Botensilimab was designed as an innate and adaptive immune activator, harnessing multiple facets of the body's immune system. It stands on the shoulders of a class of drugs known as first-generation CTLA-4 inhibitors, but was purpose-built to reach what cancer specialists refer to as "cold" tumors—the ones that don't respond to current immunotherapy. The results of Agenus' Phase I trial affirmed botensilimab's unique design. ESMO GI accepted the submission, and gave it prime presentation time in the conference's opening session on June 29th.

In Barcelona, Dr. Anthony El-Khoueiry, an investigator on the trial and Program Director at the USC Norris Comprehensive Cancer Center, Keck Medicine of USC, told the collective story of forty-one MSS CRC patients who received the combination of botensilimab and balstilimab. These individuals had previously undergone, on average, four previous regimens of cancer drugs, suffering the accompanying tribulations, disappointments, and exhaustion. Agenus' patients were men and women, young and old, and they had been treated with the botensilimab/balstilimab combination for up to two years.

The oncology experts in Dr. El-Khoueiry's audience were listening for several key terms in the CRC lexicon. One was the study's overall response rate, or ORR. This tracks how many patients' tumors shrank in response to therapy. A second was the disease control rate, or DCR. This combines those who responded with those whose tumors didn't grow. Both are proxies for whether a patient might be expected to live longer.

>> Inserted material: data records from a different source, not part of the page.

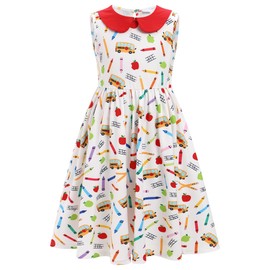 IMEKIS Back to School Outfits for Girls: First Day of Kindergarten Picture Day Dress Toddler Little Kids 1st Grade Photos Clothes Summer Party Casual Sleeveless Clothing White Pencil 4-5T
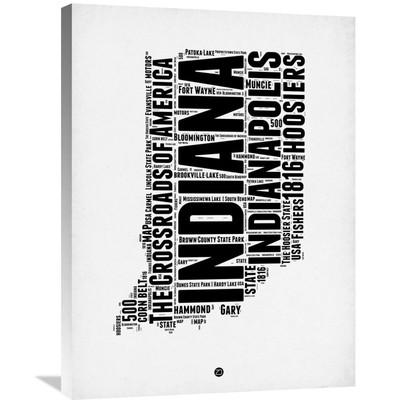 Naxart Studio 'Indiana Word Cloud 2' Stretched Canvas Wall White Small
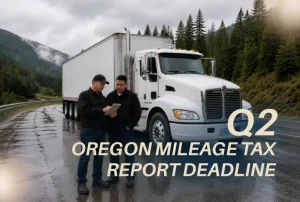 Oregon mileage tax report checklist for truckers filing before deadline.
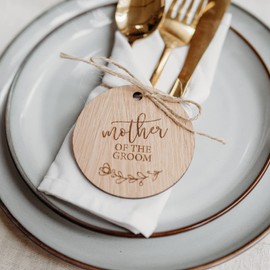 Wooden Wedding Dress Hanger Tag for Bride/Bridesmaid/Flower Girl/Maid of Honour/Mother of the Bride/Groom (Mother of the Groom)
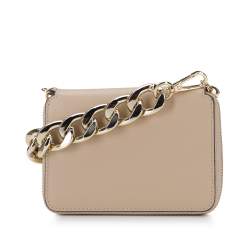 Leather clutch bag with thick chain shoulder strap, beige, 95-2E-629-9, Photo 1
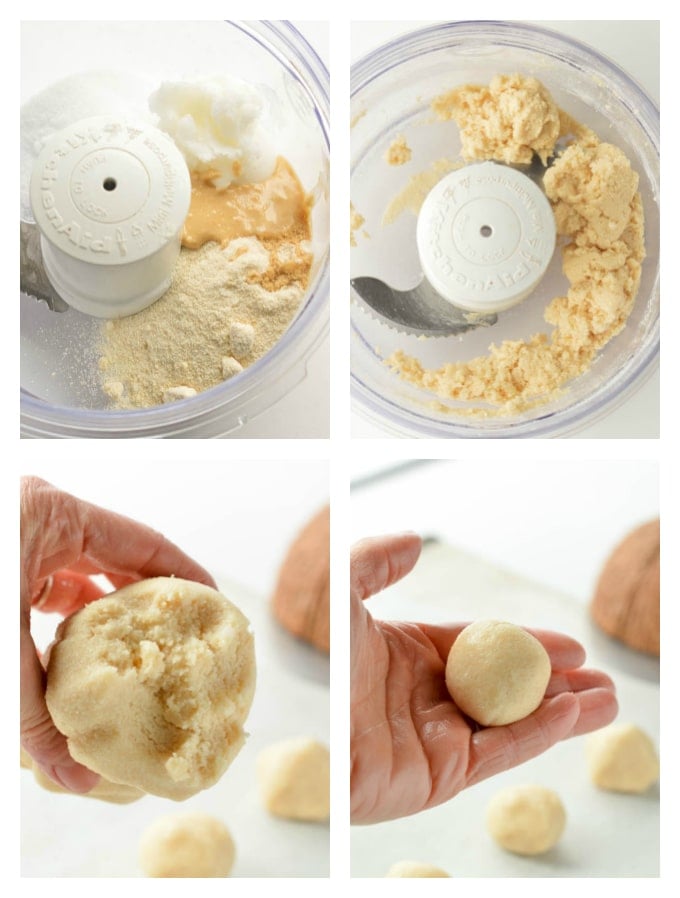 Step-by-step instructions on how to make the Sugar-Free Coconut Flour Cookie dough.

Finally, clinicians wondered whether this combination would be well-tolerated; if the regimen led to significant side effects, patients would have to come off therapy, off-setting any potential medical gains.

Together, these figures would signify the duration of response: time.

Of the trial's forty-one patients, 24% saw their tumors shrink, and 73% saw lack of tumor growth. Of the patients who responded to therapy, the vast majority continue to see benefit; at the time of Agenus' data submission, eight out of ten patients who had responded were continuing to do so. Three patients had been followed for longer than a year, and one beyond two years [5].

In a disease setting where immunotherapy had never shown benefit—in hospital rooms where patients receive so much bad news—these results provided a breath of fresh, life-giving air.

Agenus plans to launch Phase II trials of botensilimab, alone and in combination with balstilimab, later this year, with studies in melanoma, pancreatic cancer, and CRC. The company bills itself as dedicated to "innovation and speed for cancer cures." For a group of people who previously had few options and even less time, the data presented at ESMO GI offers a glimmer of hope for life beyond an MSS CRC diagnosis. Agenus is pursuing the drug's potential as a combination agent in a multitude of other cancer therapies as well, following a truly innovative vision: one that is committed to seeking to develop agents that give patients better options and longer lives.

"We're looking for exponential growth. We aren't interested in improving the number of lives of patients impacted by a couple percentage points," said Agenus Chief Medical Officer Dr. Steven O'Day. "It comes down to addressing the unmet need in the clinic and hoping to witness patients' lives transformed."


[1] American Cancer Society 

[2] Fightcolorectalcancer.org

[3] SEER 

[4] Grothey et al. Lancet. 2013;381: 303-312.

Van Cutsem, et al. J Clin Oncol. 2012;30:15_suppl, 3502-3502.

Mayer et al. N Eng J Med. 2015;372:1909-1919.